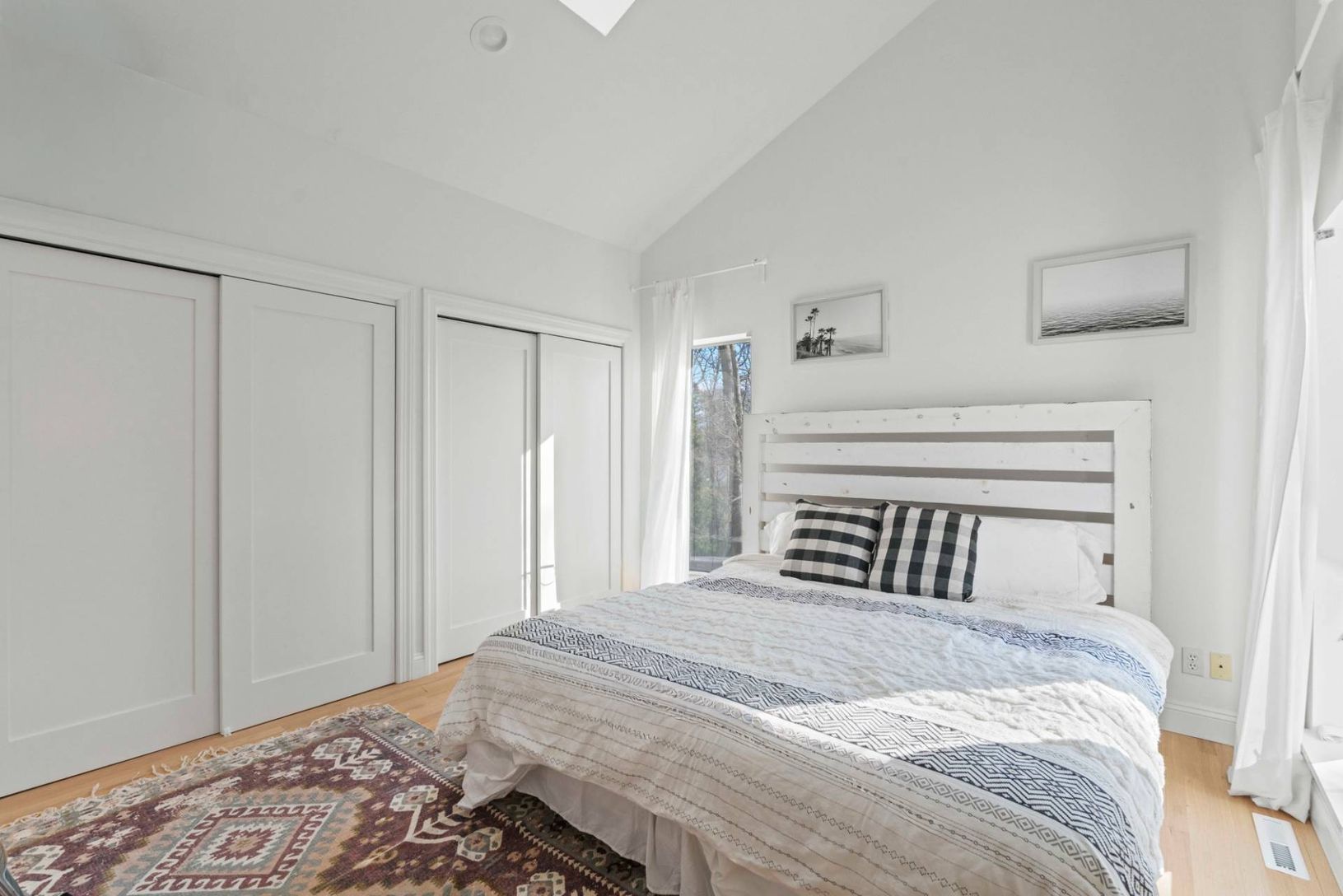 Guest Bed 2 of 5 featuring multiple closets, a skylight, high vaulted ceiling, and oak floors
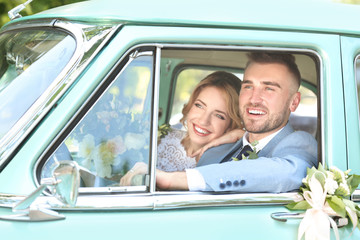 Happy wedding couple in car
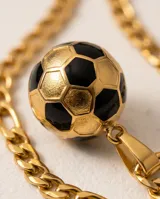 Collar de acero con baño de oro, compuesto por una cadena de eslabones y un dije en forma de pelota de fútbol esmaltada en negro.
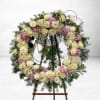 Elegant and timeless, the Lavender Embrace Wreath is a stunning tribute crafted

+===+

* _Instructions for the task_: Apart from the pictures, all of the data should be repeated exactly.

* _Solution_:
 Guest Bed 2 of 5 featuring multiple closets, a skylight, high vaulted ceiling, and oak floors
 Happy wedding couple in car
 Collar de acero con baño de oro, compuesto por una cadena de eslabones y un dije en forma de pelota de fútbol esmaltada en negro.
 Elegant and timeless, the Lavender Embrace Wreath is a stunning tribute crafted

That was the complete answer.